TASK GOAL » Copy the lines below exactly, starting at the one with "レース付きニットワンピース【アダムエロペ】" and ending at the one with "Bettgestell mit gepolstertem", and leave out any picture.

RECORDS TO PROCESS »
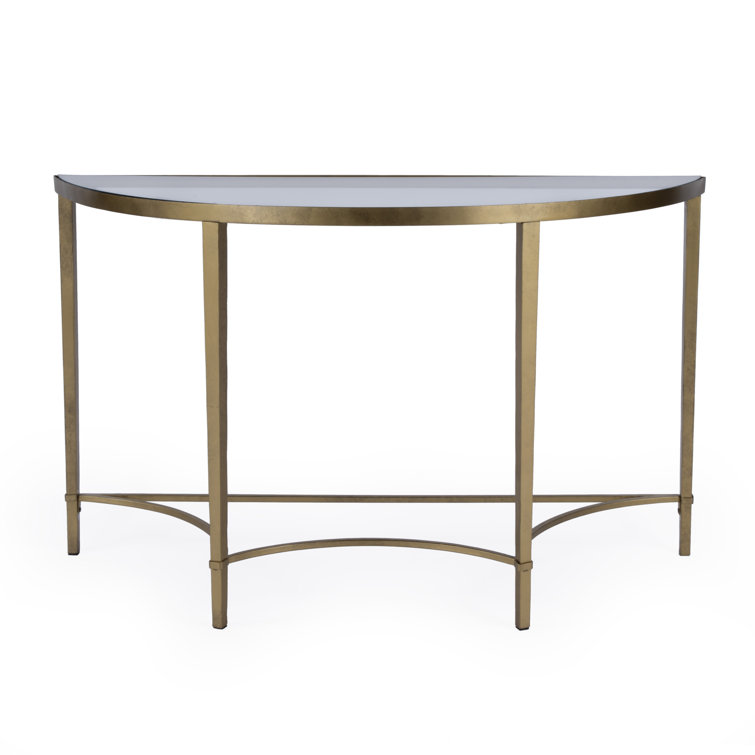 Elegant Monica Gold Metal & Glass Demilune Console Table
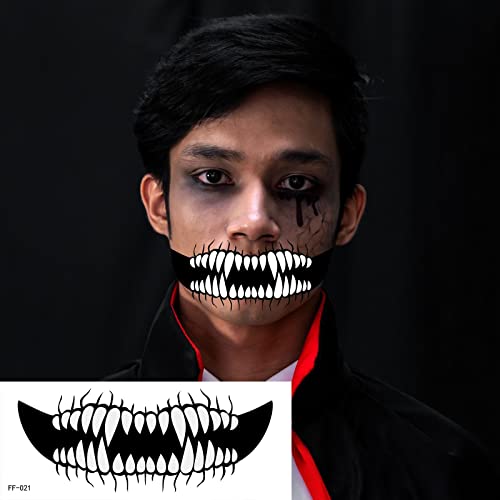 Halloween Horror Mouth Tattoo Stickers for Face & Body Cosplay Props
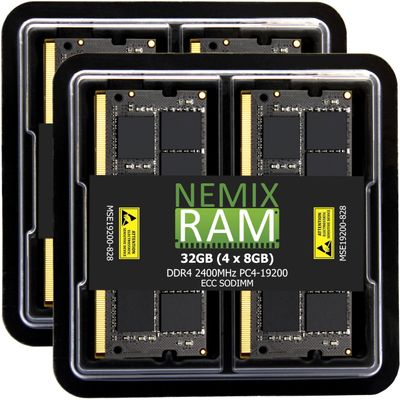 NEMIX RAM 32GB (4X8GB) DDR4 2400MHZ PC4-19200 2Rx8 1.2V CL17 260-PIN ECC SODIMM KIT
==
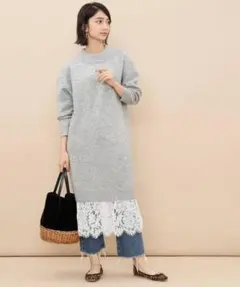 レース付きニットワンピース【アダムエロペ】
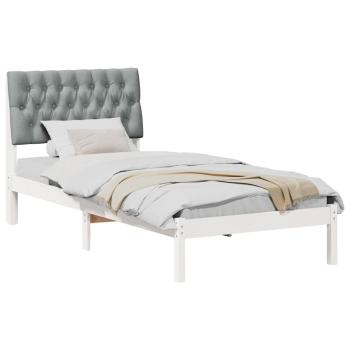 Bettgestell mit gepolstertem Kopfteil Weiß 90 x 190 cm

TASK RESULT »
 レース付きニットワンピース【アダムエロペ】
 Bettgestell mit gepolstertem Kopfteil Weiß 90 x 190 cm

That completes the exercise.